Murdock, William, the inventor of gas used as a light, was born on Aug. 21, 1754, near Auchinleck, Ayrshire, Scotland. He worked under his father, who was a millwright and miller, till he was twenty-three. He then entered the employment of a Birmingham house and showed such marked ability that he was sent to Cornwall to superintend the setting up of mining engines there. In 1784 he built the model of a high-pressure engine to run on wheels. His work at Cornwall was hard, yet up to his forty-fourth year his wages were not more than $5 a week. Murdock's inventive brain was never idle; he introduced labor-saving machinery of various kinds and an oscillating engine of a pattern still in use.
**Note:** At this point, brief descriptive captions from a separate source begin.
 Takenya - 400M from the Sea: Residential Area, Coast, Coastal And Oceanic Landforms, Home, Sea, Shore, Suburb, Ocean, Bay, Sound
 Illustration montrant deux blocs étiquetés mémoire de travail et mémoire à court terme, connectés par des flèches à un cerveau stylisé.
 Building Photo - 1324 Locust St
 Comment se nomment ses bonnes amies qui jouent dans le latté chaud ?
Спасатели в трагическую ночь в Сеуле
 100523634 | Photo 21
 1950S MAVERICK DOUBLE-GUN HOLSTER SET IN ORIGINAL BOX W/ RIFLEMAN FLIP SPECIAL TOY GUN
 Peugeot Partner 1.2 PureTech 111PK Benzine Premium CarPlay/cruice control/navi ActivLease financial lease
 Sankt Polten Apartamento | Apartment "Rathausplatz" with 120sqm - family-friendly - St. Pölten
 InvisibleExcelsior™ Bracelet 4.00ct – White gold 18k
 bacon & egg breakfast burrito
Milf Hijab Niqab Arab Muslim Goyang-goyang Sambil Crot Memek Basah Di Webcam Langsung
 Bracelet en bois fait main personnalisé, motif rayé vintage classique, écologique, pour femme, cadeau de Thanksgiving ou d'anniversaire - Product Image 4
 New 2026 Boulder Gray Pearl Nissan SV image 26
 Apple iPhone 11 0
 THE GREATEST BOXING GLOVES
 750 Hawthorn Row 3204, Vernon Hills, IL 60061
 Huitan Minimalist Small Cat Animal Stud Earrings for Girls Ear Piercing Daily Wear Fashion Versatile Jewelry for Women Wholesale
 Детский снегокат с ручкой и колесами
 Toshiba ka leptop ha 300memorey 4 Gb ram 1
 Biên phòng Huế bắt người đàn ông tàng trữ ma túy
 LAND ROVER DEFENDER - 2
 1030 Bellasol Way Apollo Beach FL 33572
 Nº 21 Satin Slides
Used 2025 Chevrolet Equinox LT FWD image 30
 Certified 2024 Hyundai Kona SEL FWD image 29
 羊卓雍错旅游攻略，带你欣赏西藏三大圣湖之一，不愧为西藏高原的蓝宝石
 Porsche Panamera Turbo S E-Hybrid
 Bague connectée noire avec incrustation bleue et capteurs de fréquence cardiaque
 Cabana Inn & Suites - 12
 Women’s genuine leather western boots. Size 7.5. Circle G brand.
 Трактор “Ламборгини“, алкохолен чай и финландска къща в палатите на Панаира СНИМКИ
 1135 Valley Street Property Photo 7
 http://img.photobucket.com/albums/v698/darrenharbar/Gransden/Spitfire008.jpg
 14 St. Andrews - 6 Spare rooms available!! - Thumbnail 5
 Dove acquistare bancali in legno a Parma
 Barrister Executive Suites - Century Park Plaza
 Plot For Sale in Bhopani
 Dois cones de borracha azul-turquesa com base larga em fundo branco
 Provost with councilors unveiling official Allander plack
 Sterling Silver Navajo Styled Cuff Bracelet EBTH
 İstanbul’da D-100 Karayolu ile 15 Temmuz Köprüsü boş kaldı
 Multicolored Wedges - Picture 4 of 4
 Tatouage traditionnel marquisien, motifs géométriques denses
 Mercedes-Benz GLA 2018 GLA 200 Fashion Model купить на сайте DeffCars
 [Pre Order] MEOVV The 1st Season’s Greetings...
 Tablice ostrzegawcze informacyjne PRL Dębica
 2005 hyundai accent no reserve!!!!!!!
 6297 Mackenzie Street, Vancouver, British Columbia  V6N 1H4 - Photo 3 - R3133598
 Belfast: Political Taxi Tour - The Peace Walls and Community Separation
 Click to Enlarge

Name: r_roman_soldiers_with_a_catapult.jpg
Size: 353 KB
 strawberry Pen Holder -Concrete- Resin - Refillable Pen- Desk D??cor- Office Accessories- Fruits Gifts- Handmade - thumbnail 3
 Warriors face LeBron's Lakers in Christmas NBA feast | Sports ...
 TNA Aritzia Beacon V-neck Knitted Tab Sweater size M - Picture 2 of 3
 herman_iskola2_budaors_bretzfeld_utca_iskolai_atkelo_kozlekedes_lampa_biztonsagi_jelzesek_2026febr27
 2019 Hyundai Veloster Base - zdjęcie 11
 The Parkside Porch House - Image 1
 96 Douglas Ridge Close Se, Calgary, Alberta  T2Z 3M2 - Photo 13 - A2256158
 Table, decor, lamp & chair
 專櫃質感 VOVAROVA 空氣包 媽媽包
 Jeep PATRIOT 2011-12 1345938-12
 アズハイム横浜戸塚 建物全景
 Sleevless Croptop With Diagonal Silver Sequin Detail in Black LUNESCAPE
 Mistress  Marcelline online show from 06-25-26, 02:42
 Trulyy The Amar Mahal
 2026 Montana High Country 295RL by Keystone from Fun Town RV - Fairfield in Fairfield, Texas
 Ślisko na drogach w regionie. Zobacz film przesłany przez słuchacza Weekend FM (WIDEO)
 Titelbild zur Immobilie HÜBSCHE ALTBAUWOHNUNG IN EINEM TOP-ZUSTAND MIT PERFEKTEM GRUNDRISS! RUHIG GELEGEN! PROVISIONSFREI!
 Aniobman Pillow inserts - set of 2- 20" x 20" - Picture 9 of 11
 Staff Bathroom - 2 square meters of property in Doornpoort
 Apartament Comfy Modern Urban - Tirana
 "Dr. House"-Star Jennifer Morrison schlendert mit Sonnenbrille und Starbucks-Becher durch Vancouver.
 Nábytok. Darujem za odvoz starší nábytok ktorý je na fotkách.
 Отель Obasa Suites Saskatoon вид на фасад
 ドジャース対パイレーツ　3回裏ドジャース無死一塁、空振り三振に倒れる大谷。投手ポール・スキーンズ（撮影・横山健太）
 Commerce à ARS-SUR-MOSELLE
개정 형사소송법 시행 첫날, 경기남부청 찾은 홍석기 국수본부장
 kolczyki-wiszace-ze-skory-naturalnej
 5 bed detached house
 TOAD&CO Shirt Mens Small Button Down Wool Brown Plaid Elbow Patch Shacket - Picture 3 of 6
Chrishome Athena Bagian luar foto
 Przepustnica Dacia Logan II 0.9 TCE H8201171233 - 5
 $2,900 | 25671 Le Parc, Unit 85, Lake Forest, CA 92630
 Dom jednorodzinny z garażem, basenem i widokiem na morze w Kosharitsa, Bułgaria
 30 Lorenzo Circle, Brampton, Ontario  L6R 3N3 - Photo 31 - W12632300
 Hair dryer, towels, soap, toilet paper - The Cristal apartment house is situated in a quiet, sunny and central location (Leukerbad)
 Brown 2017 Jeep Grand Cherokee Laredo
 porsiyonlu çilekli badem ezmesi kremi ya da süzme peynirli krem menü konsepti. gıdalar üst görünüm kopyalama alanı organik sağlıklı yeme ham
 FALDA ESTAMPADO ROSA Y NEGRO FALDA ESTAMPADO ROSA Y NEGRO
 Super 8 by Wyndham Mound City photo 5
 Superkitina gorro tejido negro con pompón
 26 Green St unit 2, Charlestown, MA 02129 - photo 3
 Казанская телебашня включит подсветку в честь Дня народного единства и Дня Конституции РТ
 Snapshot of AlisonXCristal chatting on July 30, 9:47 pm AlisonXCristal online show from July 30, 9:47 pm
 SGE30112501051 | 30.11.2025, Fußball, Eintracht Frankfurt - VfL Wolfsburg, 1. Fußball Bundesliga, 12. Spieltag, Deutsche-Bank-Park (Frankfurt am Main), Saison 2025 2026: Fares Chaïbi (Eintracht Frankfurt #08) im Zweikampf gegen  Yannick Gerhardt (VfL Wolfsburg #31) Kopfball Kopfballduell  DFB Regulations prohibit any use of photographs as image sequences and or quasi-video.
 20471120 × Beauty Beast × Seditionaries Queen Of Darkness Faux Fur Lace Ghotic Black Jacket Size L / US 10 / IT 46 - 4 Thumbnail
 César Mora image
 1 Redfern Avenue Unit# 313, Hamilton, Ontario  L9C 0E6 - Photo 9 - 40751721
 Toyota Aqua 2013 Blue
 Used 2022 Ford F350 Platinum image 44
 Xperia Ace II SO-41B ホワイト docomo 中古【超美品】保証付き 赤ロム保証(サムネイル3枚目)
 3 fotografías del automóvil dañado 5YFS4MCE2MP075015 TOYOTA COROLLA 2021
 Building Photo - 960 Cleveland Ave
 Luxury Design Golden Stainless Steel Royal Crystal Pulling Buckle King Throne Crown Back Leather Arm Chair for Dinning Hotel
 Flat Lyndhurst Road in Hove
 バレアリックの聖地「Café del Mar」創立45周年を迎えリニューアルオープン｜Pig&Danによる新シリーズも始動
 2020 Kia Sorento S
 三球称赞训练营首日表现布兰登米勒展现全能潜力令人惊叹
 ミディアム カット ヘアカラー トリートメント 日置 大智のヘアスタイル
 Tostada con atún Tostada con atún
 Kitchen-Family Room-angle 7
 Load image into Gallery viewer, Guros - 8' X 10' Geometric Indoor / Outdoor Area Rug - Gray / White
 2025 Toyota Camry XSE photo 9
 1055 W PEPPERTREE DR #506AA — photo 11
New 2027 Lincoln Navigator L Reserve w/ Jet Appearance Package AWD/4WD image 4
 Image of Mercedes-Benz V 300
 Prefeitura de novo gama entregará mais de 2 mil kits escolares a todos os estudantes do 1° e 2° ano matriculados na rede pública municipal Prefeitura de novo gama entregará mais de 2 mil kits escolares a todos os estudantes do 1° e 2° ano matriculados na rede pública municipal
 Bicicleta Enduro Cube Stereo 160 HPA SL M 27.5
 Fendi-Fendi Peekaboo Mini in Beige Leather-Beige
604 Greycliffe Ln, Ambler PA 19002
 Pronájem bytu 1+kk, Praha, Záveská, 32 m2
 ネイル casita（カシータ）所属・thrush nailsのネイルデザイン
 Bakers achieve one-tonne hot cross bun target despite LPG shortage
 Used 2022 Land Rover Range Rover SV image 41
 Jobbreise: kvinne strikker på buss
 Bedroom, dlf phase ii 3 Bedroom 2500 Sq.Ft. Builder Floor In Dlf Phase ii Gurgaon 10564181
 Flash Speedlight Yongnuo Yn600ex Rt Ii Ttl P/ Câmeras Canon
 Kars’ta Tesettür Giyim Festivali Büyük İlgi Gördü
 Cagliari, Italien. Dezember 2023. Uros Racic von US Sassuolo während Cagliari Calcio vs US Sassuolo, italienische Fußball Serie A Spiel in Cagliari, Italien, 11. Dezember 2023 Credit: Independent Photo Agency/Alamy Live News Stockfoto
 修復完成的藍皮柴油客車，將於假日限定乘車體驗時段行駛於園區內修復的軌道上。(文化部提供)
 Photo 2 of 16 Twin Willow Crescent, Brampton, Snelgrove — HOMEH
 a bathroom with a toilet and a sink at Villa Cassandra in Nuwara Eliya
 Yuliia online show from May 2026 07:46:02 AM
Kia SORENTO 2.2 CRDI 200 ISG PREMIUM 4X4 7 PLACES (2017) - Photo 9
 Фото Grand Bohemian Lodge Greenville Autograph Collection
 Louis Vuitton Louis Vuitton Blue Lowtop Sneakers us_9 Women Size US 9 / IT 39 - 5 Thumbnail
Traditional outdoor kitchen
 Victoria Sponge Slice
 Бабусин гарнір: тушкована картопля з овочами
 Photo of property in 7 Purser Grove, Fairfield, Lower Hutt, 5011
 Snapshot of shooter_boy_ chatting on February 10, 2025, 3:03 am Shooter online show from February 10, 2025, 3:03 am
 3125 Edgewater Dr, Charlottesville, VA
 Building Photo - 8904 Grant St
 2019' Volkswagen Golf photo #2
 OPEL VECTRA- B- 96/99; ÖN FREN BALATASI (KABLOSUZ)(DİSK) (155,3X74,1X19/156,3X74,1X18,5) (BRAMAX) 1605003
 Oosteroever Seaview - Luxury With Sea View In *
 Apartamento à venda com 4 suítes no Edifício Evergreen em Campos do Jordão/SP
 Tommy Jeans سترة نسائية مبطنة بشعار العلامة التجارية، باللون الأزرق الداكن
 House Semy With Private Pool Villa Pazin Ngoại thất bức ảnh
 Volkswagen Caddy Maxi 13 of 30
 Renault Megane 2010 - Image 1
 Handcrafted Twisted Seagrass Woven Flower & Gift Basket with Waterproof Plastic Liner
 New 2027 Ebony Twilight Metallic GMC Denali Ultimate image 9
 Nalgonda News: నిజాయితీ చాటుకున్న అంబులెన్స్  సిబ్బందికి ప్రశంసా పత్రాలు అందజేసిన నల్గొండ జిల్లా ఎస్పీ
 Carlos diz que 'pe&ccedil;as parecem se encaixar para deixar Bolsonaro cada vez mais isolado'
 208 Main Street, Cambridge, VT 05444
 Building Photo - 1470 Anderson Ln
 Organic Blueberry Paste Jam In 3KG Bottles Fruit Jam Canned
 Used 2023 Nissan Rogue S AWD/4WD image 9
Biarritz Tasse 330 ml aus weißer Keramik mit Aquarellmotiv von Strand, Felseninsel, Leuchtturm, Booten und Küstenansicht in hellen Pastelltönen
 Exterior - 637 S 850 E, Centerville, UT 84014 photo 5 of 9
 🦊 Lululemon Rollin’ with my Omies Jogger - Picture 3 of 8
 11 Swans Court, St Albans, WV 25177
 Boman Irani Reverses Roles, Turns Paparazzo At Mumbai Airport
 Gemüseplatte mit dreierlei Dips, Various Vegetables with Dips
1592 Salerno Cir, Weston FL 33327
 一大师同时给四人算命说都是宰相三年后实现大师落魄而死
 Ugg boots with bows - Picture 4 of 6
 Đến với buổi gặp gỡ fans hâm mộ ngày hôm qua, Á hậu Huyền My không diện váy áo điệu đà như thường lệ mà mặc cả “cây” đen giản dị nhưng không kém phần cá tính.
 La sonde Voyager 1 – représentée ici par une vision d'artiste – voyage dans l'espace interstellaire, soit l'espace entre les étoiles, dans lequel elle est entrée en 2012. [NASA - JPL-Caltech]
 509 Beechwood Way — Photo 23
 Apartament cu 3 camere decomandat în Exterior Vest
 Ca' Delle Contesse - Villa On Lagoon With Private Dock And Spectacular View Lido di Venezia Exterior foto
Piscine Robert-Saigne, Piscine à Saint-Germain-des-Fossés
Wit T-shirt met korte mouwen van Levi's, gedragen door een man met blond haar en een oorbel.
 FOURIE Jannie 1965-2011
His investigations in the distillation of coal-gas began in 1792, when he lighted his offices and cottages by this means. But he reaped little profit from this useful invention. Murdock died at Birmingham, England, Nov. 15, 1839.

Mur'free, Mary Noailles, whose fame as a writer was gained under the name of Charles Egbert Craddock, was born in 1850 near Murfreesborough, Tenn. Her first story, which appeared in the Atlantic Monthly, was The Dancin' Party. Egbert Craddock was the name of the hero of her second short story, which was half-written when she was about to mail the first part to the publishers. Being at a loss for a pseudonym, she stole that of her hero, with the prefix Charles. The buildings at Miss Murfree's birthplace, the scenes of parts of Where the Battle was Fought, were riddled by shot and shell at the battle of Stone River. This is a novel of great and picturesque power, though The Prophet of the Great Smoky Mountains is held to be her best work. In the Tennessee Mountains is a collection of eight stories. Down the Ravine professes to be a young people's story, but no one is too old to be entranced by its sketches of scenery in the Cumberland Mountains and the picture of the " powerful peart " little sister, Tennessee. Miss Murfree puts her heart into her work. Her later books include The Juggler; The Phantoms of the Footbridge; The Mystery of Witch-face Mountain; The Bushwackers; A Spectre of Power; and The Frontiersman.